■ **Task item**:
Copy the records that follow exactly as written, but not their pictures.

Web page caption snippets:

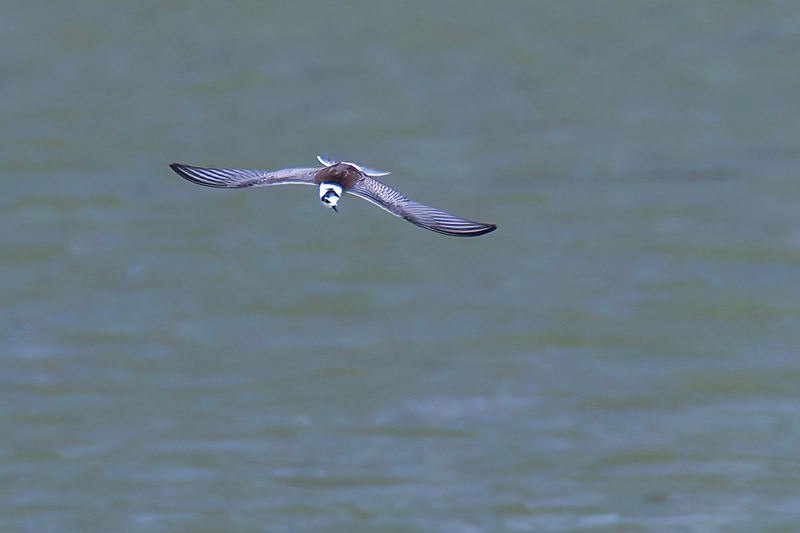 White-winged Black Tern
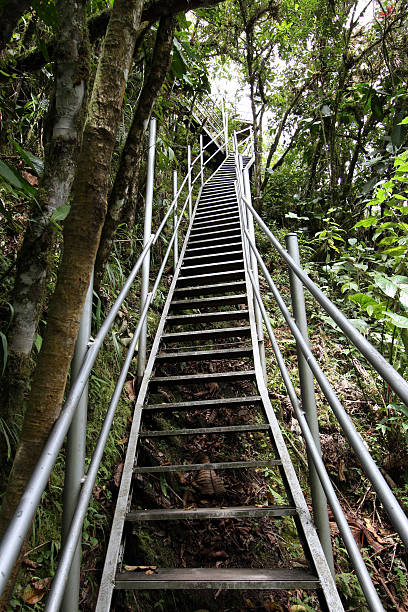 istock Steep stairs in the rainforest 487419307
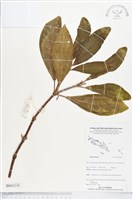 登錄號:BS05239藏品圖，第1張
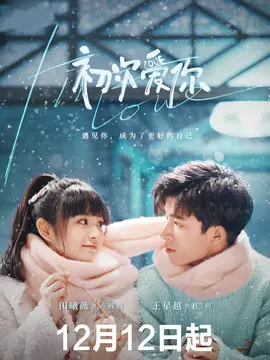 初次爱你海报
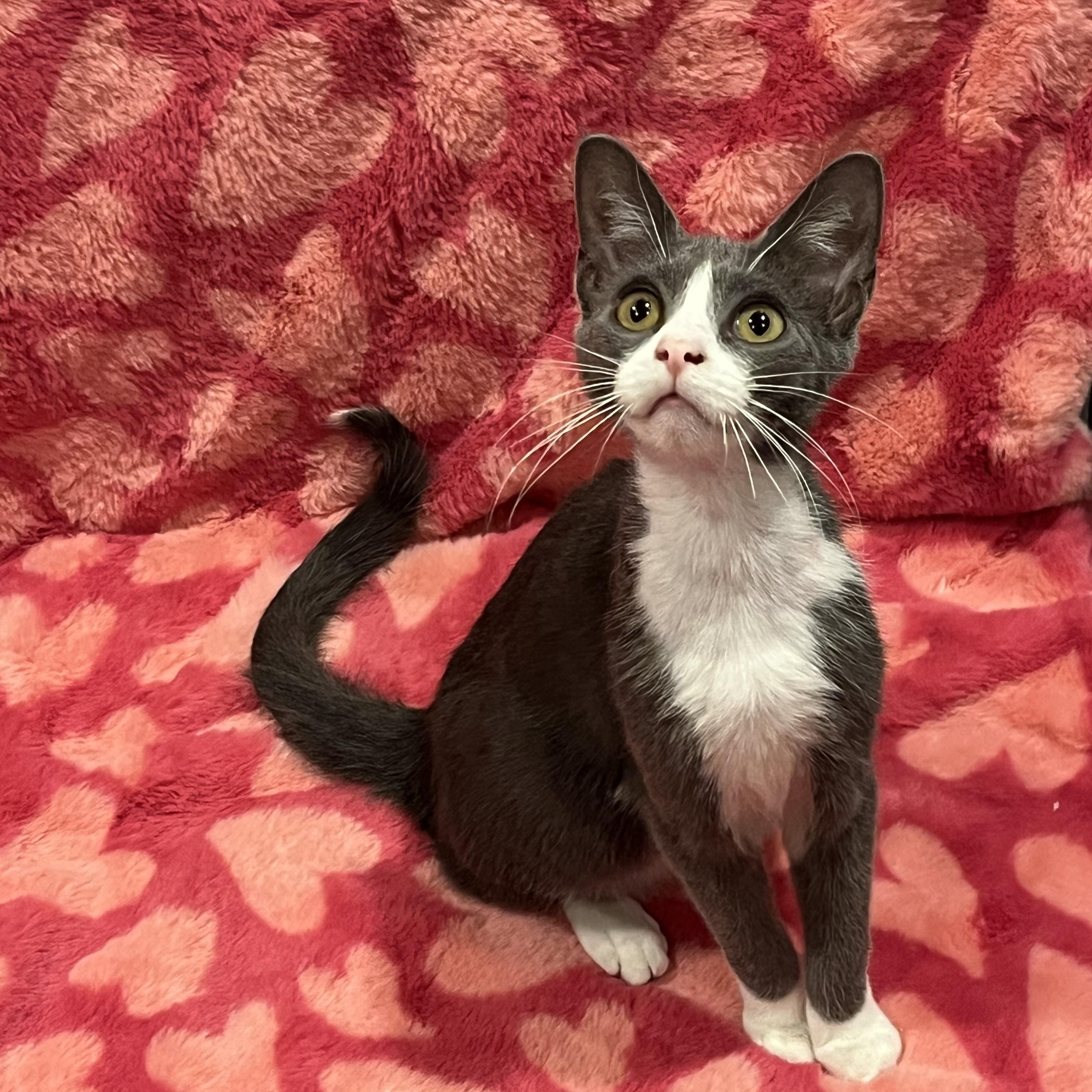 Enlarge Mittens, a ADOPTABLE Domestic Short Hair in Bloomsburg, PA image 2/2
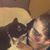 Nancy De Lazzaro's profile image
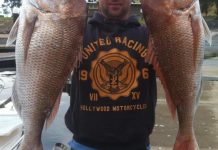 Big snapper keeping local anglers busy around the bay and offshore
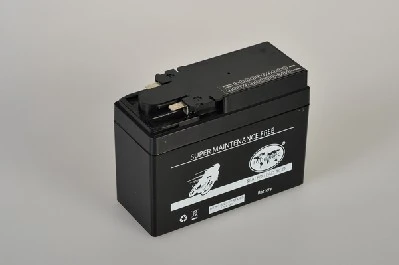 IPSA TMBA50303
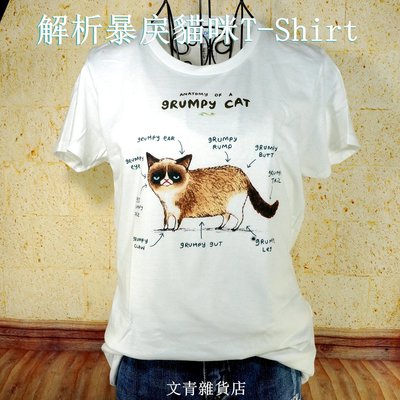 厭世貓咪找你~解析暴戾貓咪T-Shirt 讓眼神厭世又暴戾的貓咪陪你打亂無聊的夏天！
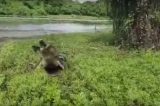 Crocodilo gigante salta de riacho e persegue pescador atrás de peixe; assista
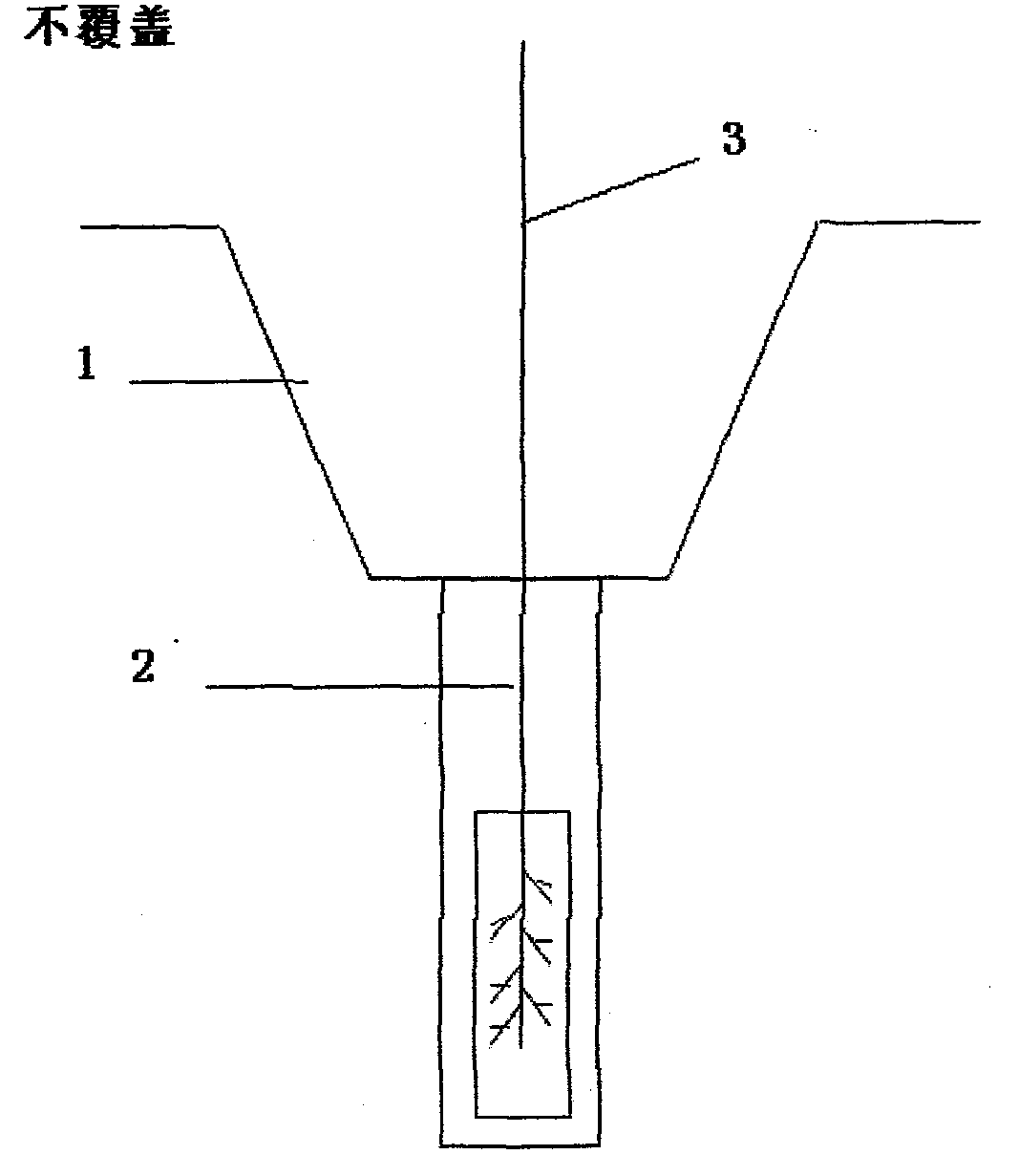 Short-rotation sprout forest drought-resistant anti-freezing cultivation and management method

■ **Task response**:
 White-winged Black Tern
 istock Steep stairs in the rainforest 487419307
 登錄號:BS05239藏品圖，第1張
 初次爱你海报
 Enlarge Mittens, a ADOPTABLE Domestic Short Hair in Bloomsburg, PA image 2/2
 Nancy De Lazzaro's profile image
 Big snapper keeping local anglers busy around the bay and offshore
 IPSA TMBA50303
 厭世貓咪找你~解析暴戾貓咪T-Shirt 讓眼神厭世又暴戾的貓咪陪你打亂無聊的夏天！
 Crocodilo gigante salta de riacho e persegue pescador atrás de peixe; assista
 Short-rotation sprout forest drought-resistant anti-freezing cultivation and management method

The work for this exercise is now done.